• **WHAT TO DO**: Transcribe the whole listing exactly, but do not carry over its pictures.

• **DATASET CONTENT**:
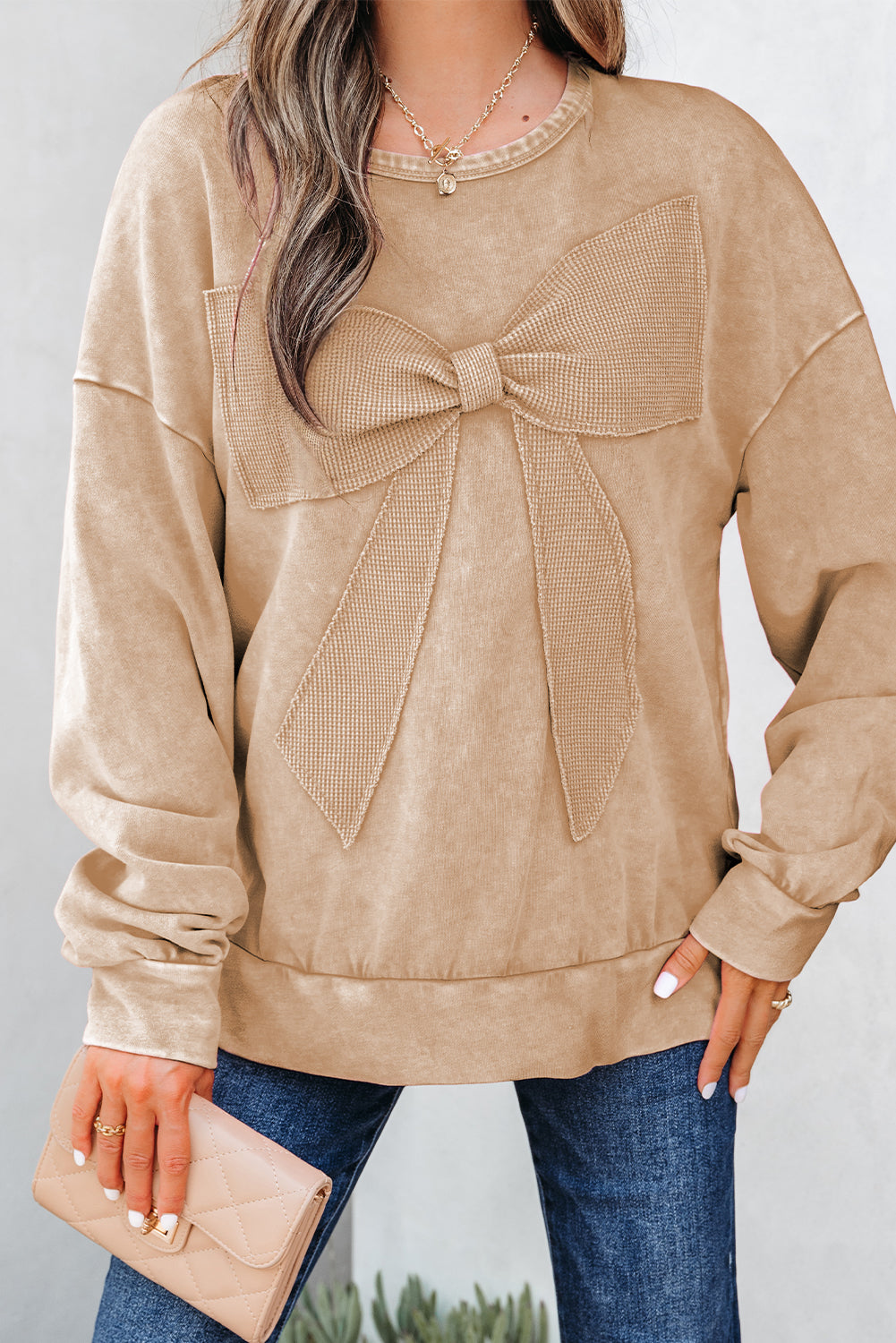 Light Beige Big Bow Sweatshirt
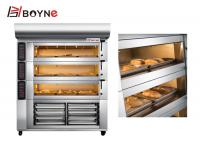 China Electric Stainless Steel Bakery Oven With Three Deck 8 Trays Cabinet factory
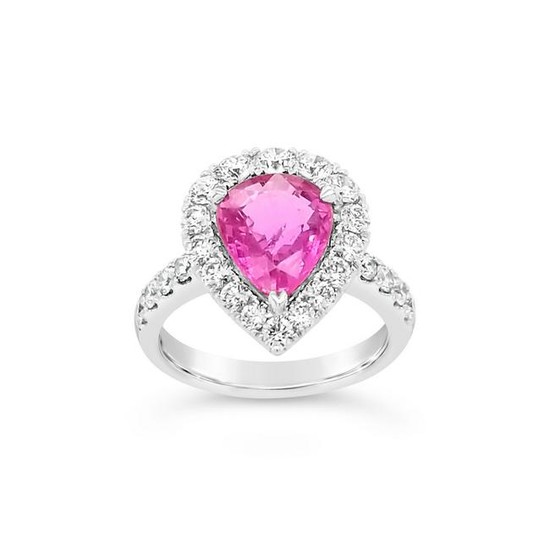 Natural PInk Sapphire & Diamond Ring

• **ANSWER TO THE EXERCISE**:
 Light Beige Big Bow Sweatshirt
 China Electric Stainless Steel Bakery Oven With Three Deck 8 Trays Cabinet factory
 Natural PInk Sapphire & Diamond Ring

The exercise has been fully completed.